Don't get me wrong, I don't regret selling all 5 of my Reos, and I don't really miss squonking (have two mech squonkers I never use) but all these pics of the Requiems flying around are making me develop some fomo... Some really pretty ones out there.

Reactions: Like 1 | Creative 1


----------



## jamesvapes_sa

Back enjoying the SquonkLyfe

Reactions: Like 1 | Winner 6


----------



## Troy Campbell

Squonking has never been better

Reactions: Winner 5


----------



## Timwis

Squonking for those that can't be arsed to squonk!

Reactions: Winner 2 | Funny 3


----------



## Zack Damon

you guys know where i can get a topside dual squonker?

Reactions: Agree 1


----------



## baksteen8168

Zack Damon said:


> you guys know where i can get a topside dual squonker?

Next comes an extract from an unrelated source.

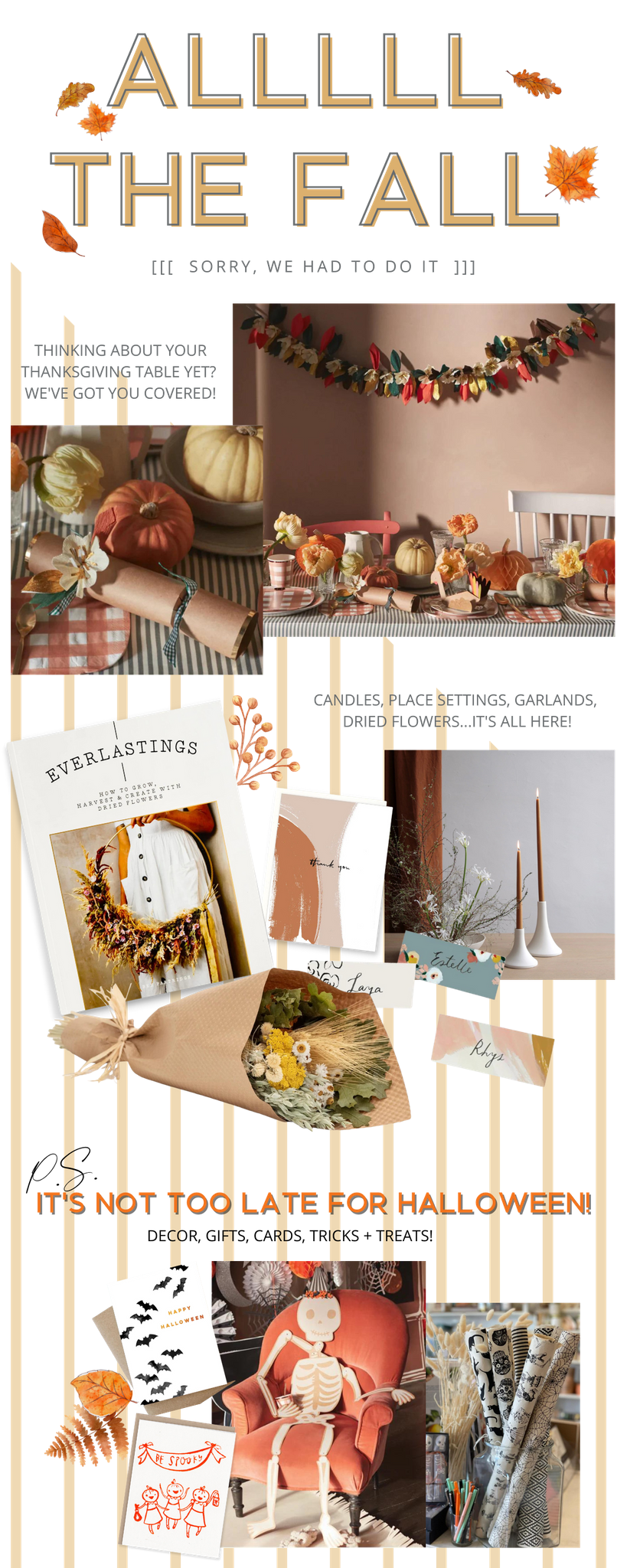 urbanic paper boutique all the fall halloween thanksgiving dried flowers crackers skeletons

https://www.vapedomain.co.za/products/dovpo-topside-dual-200w-squonk-box-mod

Reactions: Winner 2


----------



## baksteen8168

Zack Damon said:


> you guys know where i can get a topside dual squonker?



https://www.sirvape.co.za/products/...ox-modv3-upgraded?_pos=2&_sid=a90bf836e&_ss=r

Reactions: Winner 2


----------



## ace_d_house_cat

vicTor said:


> for me, excellent
> 
> found my second one a few days ago and can't wait



Glad that you found one, well two! 

I couldn't find one, conceded and bought an Asgard Mini (for my Pulse V2) and I couldn't be happier. It's such an epic RDA!

Reactions: Winner 3


----------



## Zack Damon

ace_d_house_cat said:


> Glad that you found one, well two!
> 
> I couldn't find one, conceded and bought an Asgard Mini (for my Pulse V2) and I couldn't be happier. It's such an epic RDA!


But battery life on that single mod life span must be short lived?


----------



## ace_d_house_cat

Zack Damon said:


> But battery life on that single mod life span must be short lived?



So I just put a fresh set of White Collar Nano Aliens in yesterday @ 0.23 ohms. 

At 65w, the 21700 battery lasts long enough! Really loving the combo, works very well together.

Reactions: Like 1


----------